The spring loaded traps with a door in the corner are the best IMO, if you have a lot of pigs they can keep pushing the door open to get in even after you trapped the first one. They will eat all the way up and push the gate open and it will slam closed behind them.


----------



## km2006dmax (Nov 21, 2009)

Get some cattle panels and T-posts and build a pen. Then buy, or build a door similiar to the hog slammer door. Corn the pen for awhile without the trap set and set a game cam on it. After they start coming in set it. 

This type of trap has worked well for us when were trapping at the lease.We've caught as many as 14 pigs at a time with pens similiar to this.


----------



## Texican89 (Oct 27, 2009)

The spring loaded ones have worked well at the ranch. Or you could do the next best thing catch them with dogs!! If you've never tried it you'll have lots of fun plus you can keep them alive just do an old fashion hog tie!

Check out the guys i hog bay with if you have the time!

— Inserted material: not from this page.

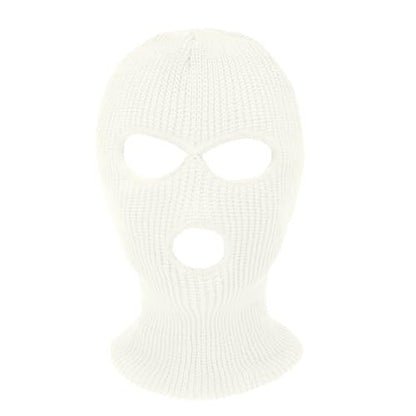 3 Hole Ski Mask, Knitted Balaclava Face Mask, Winter Full Face Mask Cover for Winter Outdoor Sports - color: White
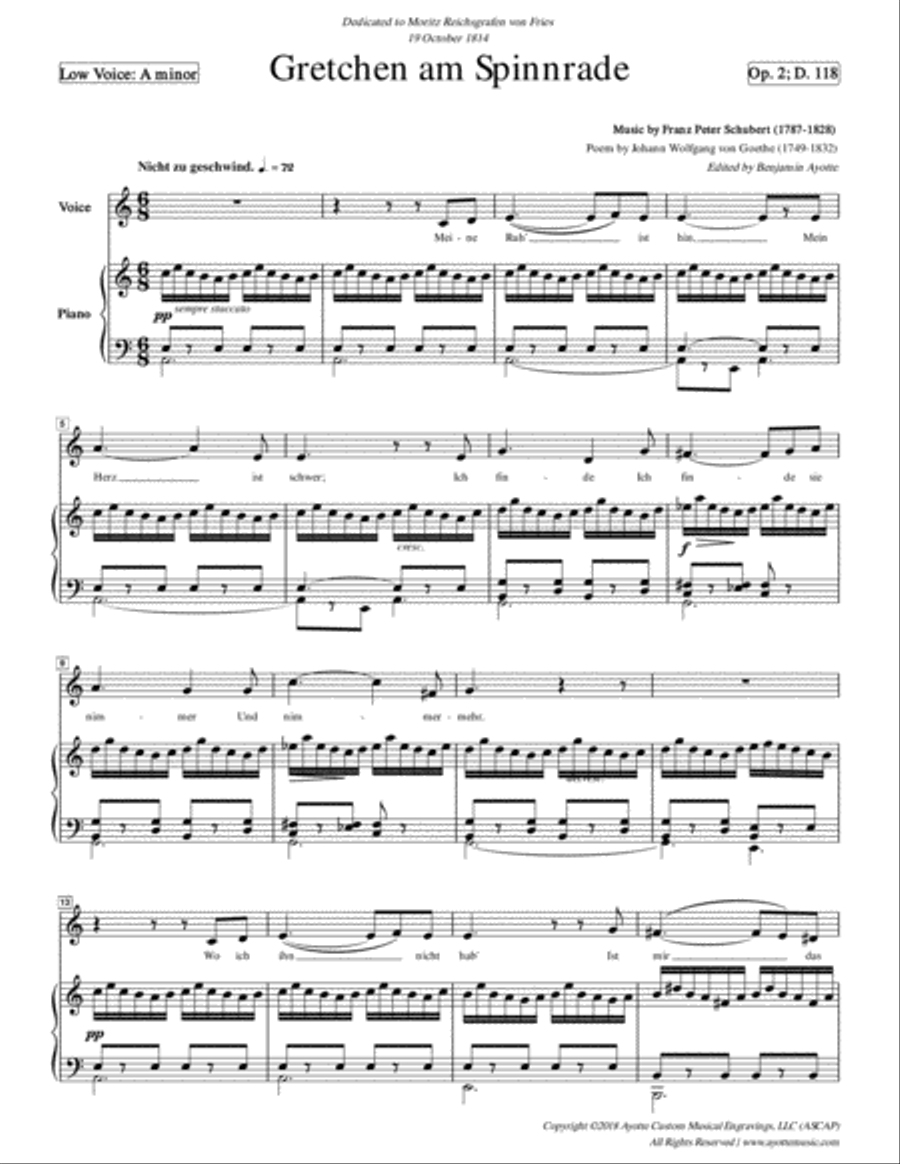 Schubert - gretchen am Spinnrade - Low Voice in A minor Alto Voice scores gallery preview page 1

http://www.dogsgonewildts.com

Good luck!


----------



## BEER4BAIT (Jun 24, 2005)

The best are 8 foot around, lite and one man can move it. I caught 14 in one night. Go cheep and educate them. Get a good trap and get rid of them.


----------



## Rubberback (Sep 9, 2008)

I hate hogs. If the hogs are their most traps will work.Personally, I use this type.


----------



## RockinU (Aug 13, 2006)

http://www.thehighroad.org/showthread.php?t=449721

Greatest hog control thread ever...lots of good tips and info in it too.


----------



## goatchze (Aug 1, 2006)

Rubberback said:


> I hate hogs. If the hogs are their most traps will work.Personally, I use this type.


So you just make a pen with net wire and give it an opening like a minnow trap?


----------



## Rubberback (Sep 9, 2008)

goatchze said:


> So you just make a pen with net wire and give it an opening like a minnow trap?


Cattle panel .If you notice where the dog is thats where the hogs enter.In the pic. trap is open. About 8" from the top I wire it shut & hogs squeeze in but can't get out once they enter.


----------



## Redsmacker (May 21, 2008)

Check out www.texasboars.com and look at the diagram for the figure 6 trap. McCoys has 50inch by 16ft Livestock Panels on sale for 17.99 each. I built a 20ft diameter figure 6 trap using 5 panels and 21 6ft t-posts - total cost was about $175.


----------



## Dockhigh (May 23, 2006)

*Bucee's Death Trap*

*Pigs can stay out of my trap!!!! 36 down in a month.*

A few days after i posted i was all set to build a figure 6 trap. I headed to the ranch and was going to hit mccoys in El Campo. I stopped in wharton at bucees to get a coke and got to looking at their pre made traps. I bought one because i decided i was to lazy to pound any T posts this weekend. Baited it with diesel and corn. This is almost not fair. I am going to buy another one this weekend. As soon as i bait it they are in it. My record is nine at one time.


----------



## 04TXAg (Jun 26, 2009)

Agree with the coral trap! It works! Can't stand pigs.


----------